Records:

=-=-=

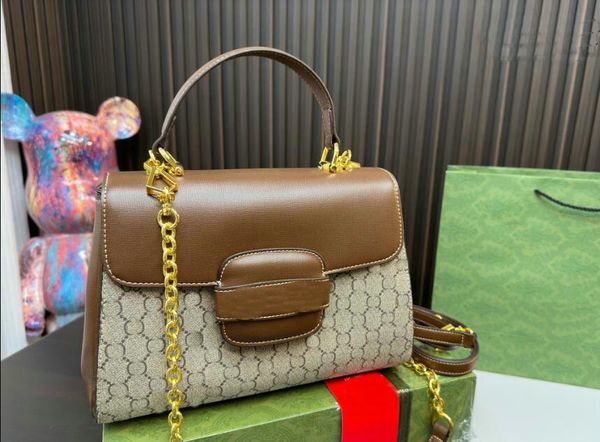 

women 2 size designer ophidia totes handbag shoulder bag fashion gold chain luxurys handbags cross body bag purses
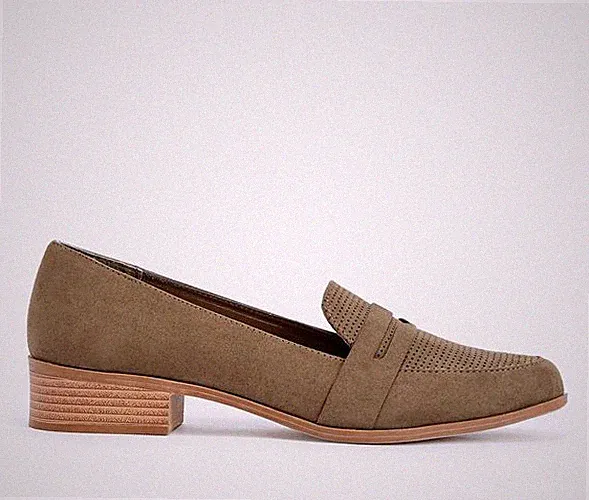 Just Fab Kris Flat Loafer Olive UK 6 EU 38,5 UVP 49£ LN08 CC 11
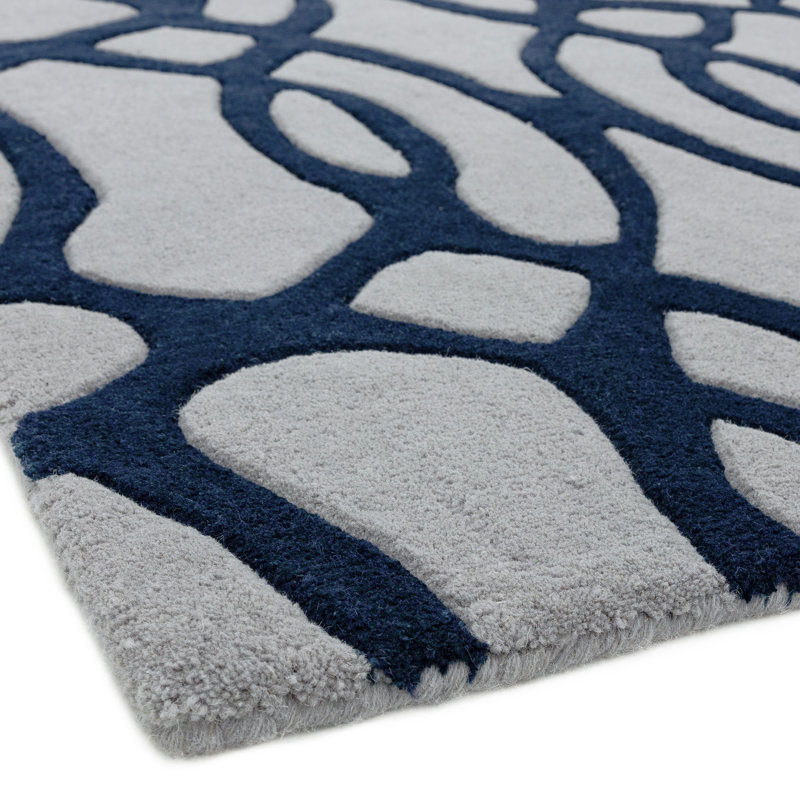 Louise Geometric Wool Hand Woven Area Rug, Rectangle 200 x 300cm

=-=-=

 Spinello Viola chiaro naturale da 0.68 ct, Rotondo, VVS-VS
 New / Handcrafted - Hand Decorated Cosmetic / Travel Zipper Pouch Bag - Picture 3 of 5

=-=-=

Required work:
Starting at the line above with "women 2 size", output every line exactly up to and including the line with "Louise Geometric Wool", but none of the pictures.

Exercise result:
women 2 size designer ophidia totes handbag shoulder bag fashion gold chain luxurys handbags cross body bag purses
 Just Fab Kris Flat Loafer Olive UK 6 EU 38,5 UVP 49£ LN08 CC 11
 Louise Geometric Wool Hand Woven Area Rug, Rectangle 200 x 300cm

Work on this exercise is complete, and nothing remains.